Boost logo

Boost :

From: Rob Stewart (stewart_at_[hidden])
Date: 2004-05-13 11:55:18


From: "Reece Dunn" <msclrhd_at_[hidden]>
> Rob Stewart wrote:
> >From: John Nagle > Reece Dunn wrote:
>
> >You're comparing apples to oranges. Either you mean for the
> >buffer to be exactly four bytes or you don't. If you do, then
> >there's no room for a null terminator. You're not dealing with a
> >"C string" (a null terminated string), you're dealing with a four
> >byte buffer. If you allocated four bytes for a "C string" and
> >write "ABCDE" to it, or even strcat() "ABCD" to it, you overrun
> >the buffer. Why would we want to provide consistent semantics
> >for that behavior?
>
> The idea is to prevent overrun when this type of situation occurs. Thus, it
> will be a 3 character buffer with the extra character being a
> null-terminator.

I think we're miscommunicating, and it's probably me
misinterpreting something.

The four byte matter was raised because someone wanted to be able
to peek into a buffer of data read from a file. The 5th byte
wasn't a null terminator and it shouldn't be changed, so I took
that to suggest effectively overlaying a char_string on that
file's contents in the buffer.

Another interpretation of that need is to pass the buffer to a
char_string<4> and expect that only the first four bytes be
copied.

> > > >> IOW, make it a runtime error to fix the capacity too small to
> > > >> permit null termination when calling c_str(). That still leaves
> > > >> room for things like the 4-character file signature to which you
> > > >> referred, and yet prevents buffer overrun, but doesn't require
> > > >> foregoing flexibility.
> > >
> > > If you want a 4-char file signature, you can use
> > > "boost::array<char,4>", which does that job. Is there any
> > > real need for that functionality in char_string?
>
> Isn't boost::array specific to generic arrays, whereas using a variant of
> char_string, you can use string functions that will be optimized for string
> operations. This is the main reason for using a special string class.

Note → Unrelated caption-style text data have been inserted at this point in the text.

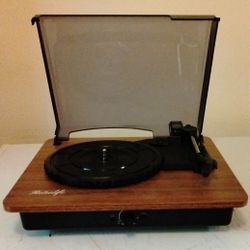 Retro life Vintage Turntable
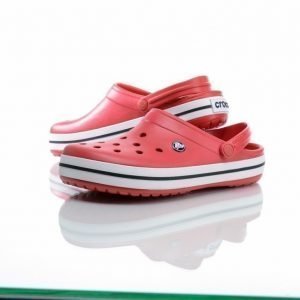 Crocs Crocband Sandaalit Punainen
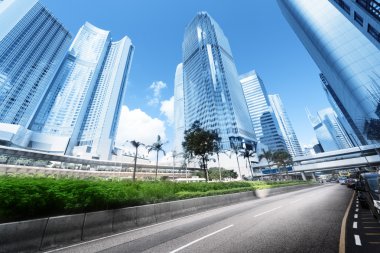 Hong kong Caddesi üzerinde göster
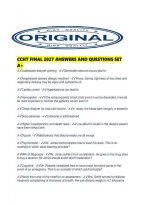 Ccht Final 2027 Answers And Questions Set A&period;pdf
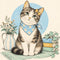 Cat Apparel & Accessories - Bandanas & Bows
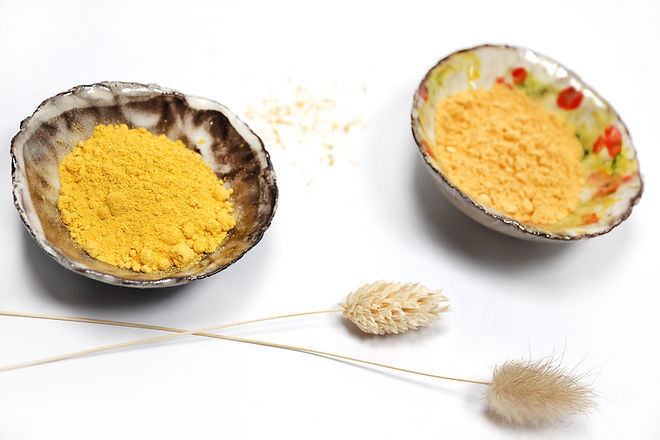 Ma poudre merveilleuse de potimarron : Superaliment bio pour la peau, l'énergie et la vitalité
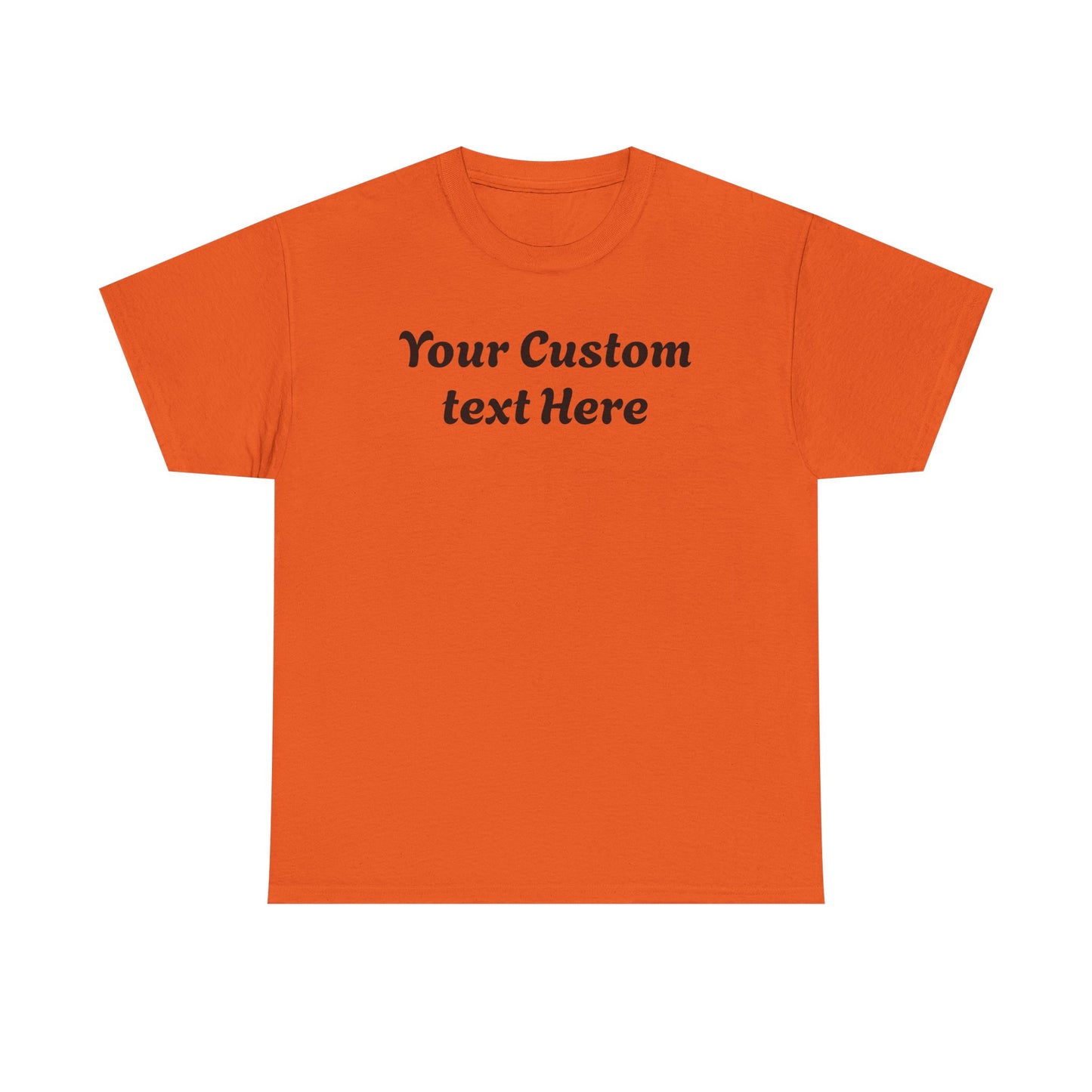 Gildan Custom Text Shirt , Personalized Gildan Shirt, Custom Text T-Shirt , Special Gift For Her Him, Party Outfit , Personalized T-shirt.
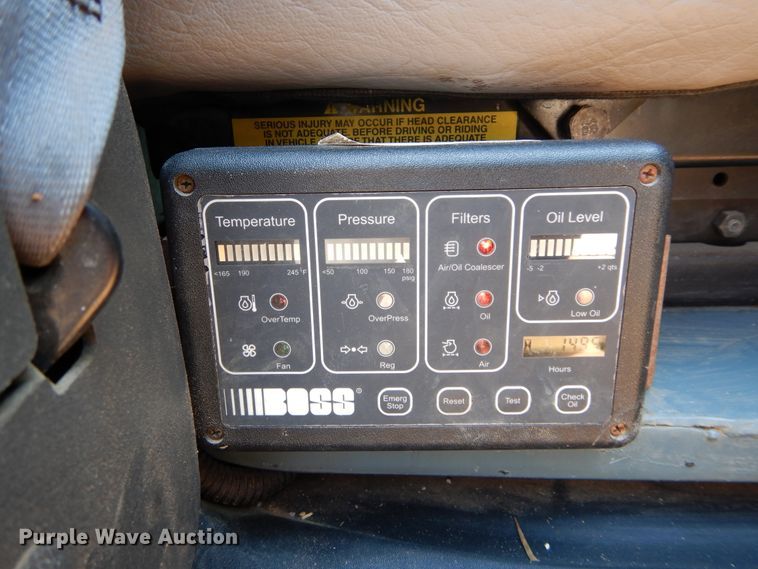 image for item DG4102 2006 GMC C8500 utility truck with crane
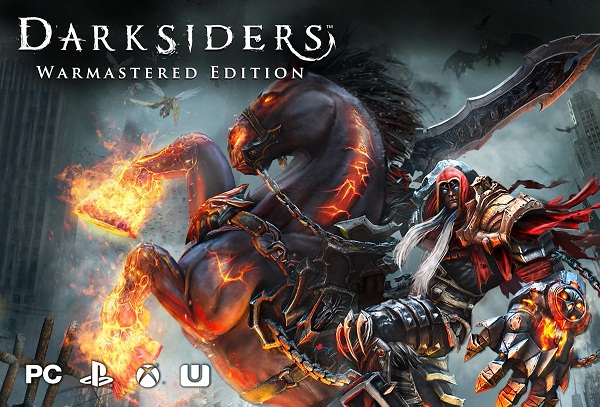 THQ Nordic is set on releasing “Darksiders Warmastered Edition” with improved textures, 1080p rendering resolutions and more; PC version will be delayed, however. 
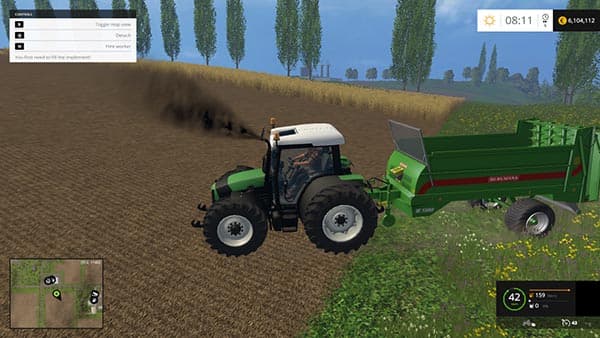 Deutz Agrofarm 430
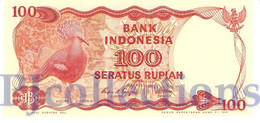 INDONESIA 100 RUPIAH 1984 PICK 122a UNC - Indonésie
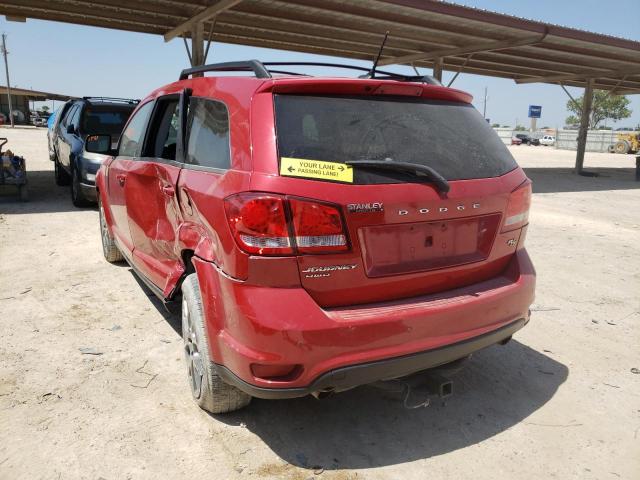 Photo 3 from auction – 2016 DODGE JOURNEY R/ with VIN 3C4PDDEG5GT140655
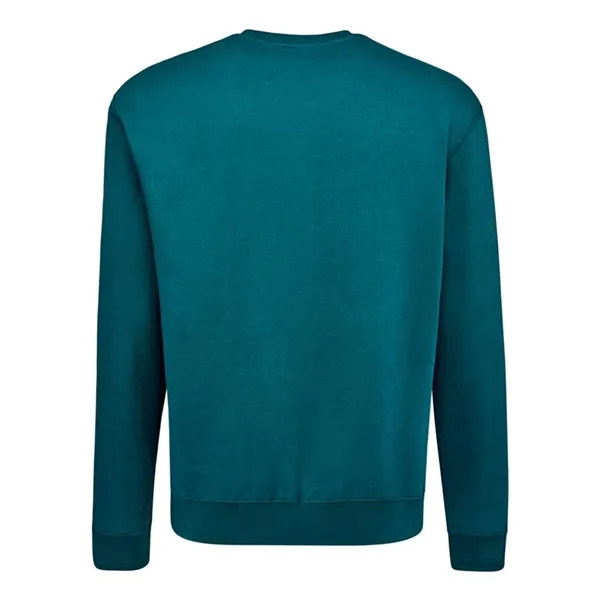 J. America Unisex BTB Fleece Crewneck Sweatshirt - J. America Unisex BTB Fleece Crewneck Sweatshirt - Image 24 of 28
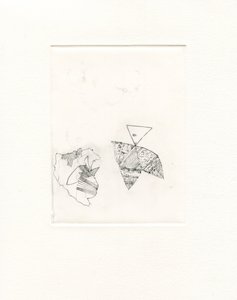 Reflexões Meandering 1, 2017 de Bella Larsson
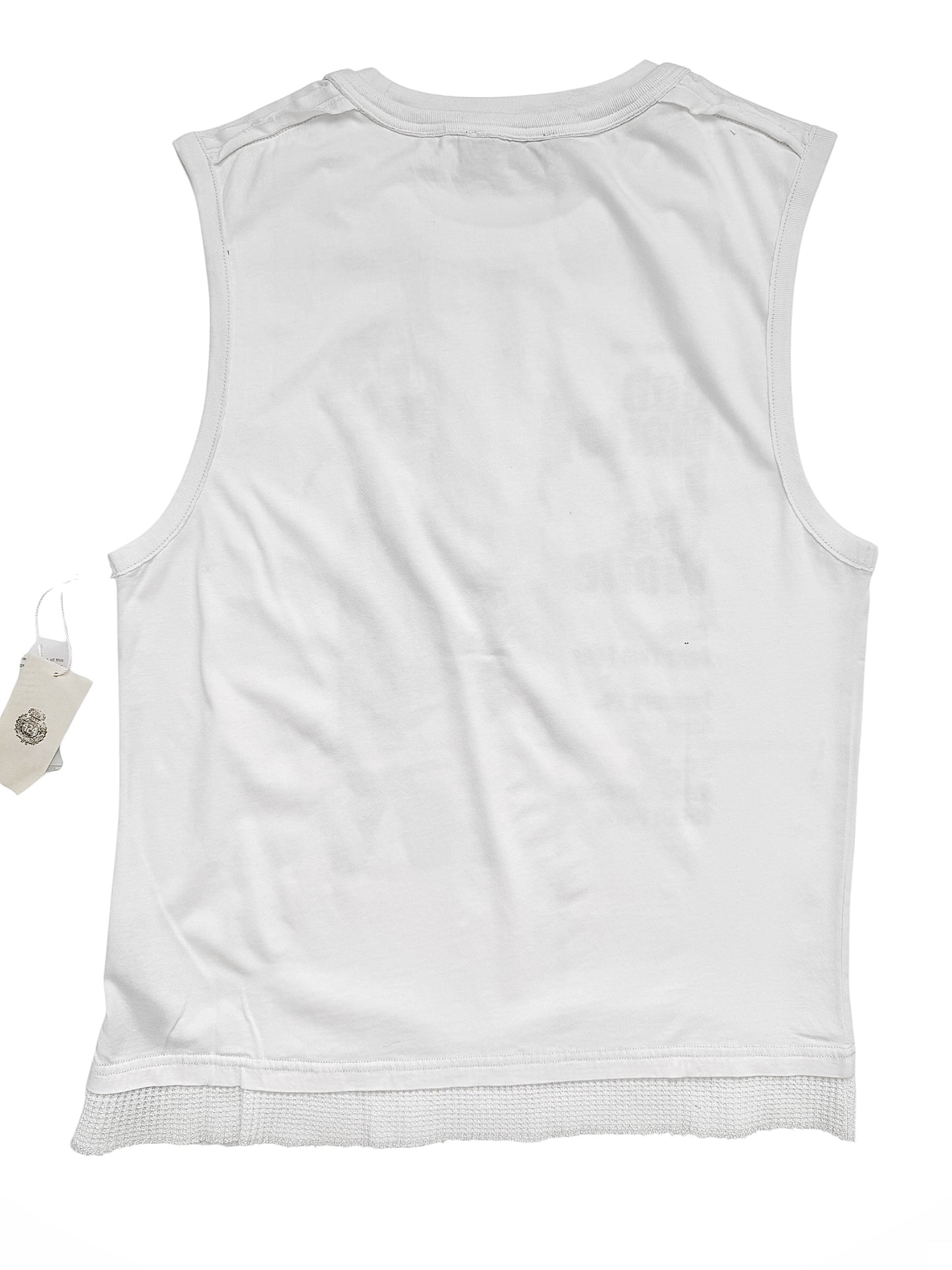 2025 Bob Marley Flyer Layered Thermal Tank Tee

You're right that using boost::array doesn't offer any string
facilities. Perhaps what we need is a string library that uses
all namespace scope functions and type generators to generalize
the notion of a string (this is not unlike Thorsten's
CollectionTraits library). Then, a boost::array<char,N>, a
std::string, even a C string can be treated generically as a
string. With such a facility, boost::array would work just fine
for the file signature example and char_string would be relieved
from needing to handle the "no terminator" case.

> > > What about the base class issue? There's a need to be able to
> > > write something like "char_string_base& s" when you want to
> > > pass around fixed-capacity strings of more than one capacity.
> >
> >If that is a necessary feature, then the length can be stored in
> >the base class. However, such a base class means that the dtor
> >must be virtual. Is vtable overhead acceptable in such a class?
> >Perhaps two types are needed.
>
> My design does not use a virtual base class, so that isn't an issue. John
> Nagle's version does, so that is where the problem arises. I have several
> issues with the use of a virtual base class:

A "virtual base class" or a base class with a virtual function?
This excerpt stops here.